But this begins to steer us towards a very different sort of discourse about attention, which on the face of it seems to have little or nothing to do with what we have been considering so far. Since the publication of Simone Weil's essays and notebooks (Waiting on God in 1951 and two volumes of Notebooks in 1956), her concept of “attention” has been repeatedly revisited and elaborated. It is one of the focal themes of her writing: attente is defined as that quality of awareness of what is other (the other person, the object, the grammatical rules of a language, or the procedures of mathematics) that necessarily “suspends” the self‐preoccupation of the ego so as to allow the independent reality of the other to be fully received into the subject. She will write of this in terms of “decreation”, the necessary sacrifice of the self in the process of learning, and she argues that educational and scientific work so understood is an intrinsically spiritual activity, in that it creates a space between subject and object in which the compulsive violence and acquisitiveness towards the other that characterizes the habitual life of the ego is negated. As Nigel Tubbs puts it in his Philosophy of the Teacher (2005), the implication is that education is not solely about the truths associated with the content of the teaching process but about the truth “in the relationship that the student has to the content” (127).

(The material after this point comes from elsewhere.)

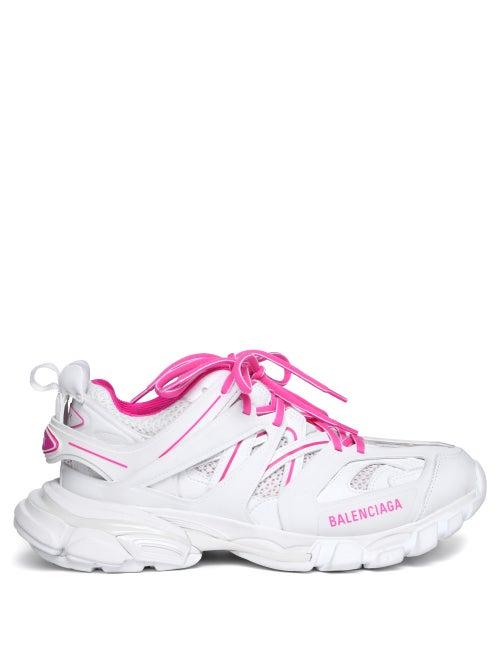 Balenciaga - Track Panelled Trainers - Womens - White Multi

One of the paradoxes of Weil's moral and spiritual analysis of attention is that it requires the consciousness to be aware that its own self‐consciousness is one of its most serious problems. The self's awareness of its own needs or desires can reduce the object to the dimensions of what the subject is looking for, and no more; and the self's awareness of its “performance” in relating to or negotiating with its environment becomes an object in itself, which impedes or distorts the capacity of the informing energy of the other to affect the subject. Radical attente is both the recognition of the ambiguity of self‐awareness and the discipline of exposure to structures that have to be received in their otherness for them to be truthfully engaged. Because the learning of a language—to take one of Weil's favorite examples—involves the sheer labor of internalizing rules we have not chosen, it serves as a paradigm for undertaking labor that does not immediately produce gratification. We acknowledge the risks in the centripetal force of the ego's customary habits, and we also register (as Merleau‐Ponty would insist, it is worth noting that he, like Weil, had been influenced by the epistemology of Alain [Emile Chartier], though he has criticisms of its details) the necessity of seeing how we have in fact learned, how the consciousness has been modified. Hence a voluntary engagement with disciplined study becomes a tool for detaching the conscious self from its own initial concerns and priorities: the good student is one who does not measure what is studied by its congruence with their own supposed needs or interests, and equally one who does not constantly observe themselves studying.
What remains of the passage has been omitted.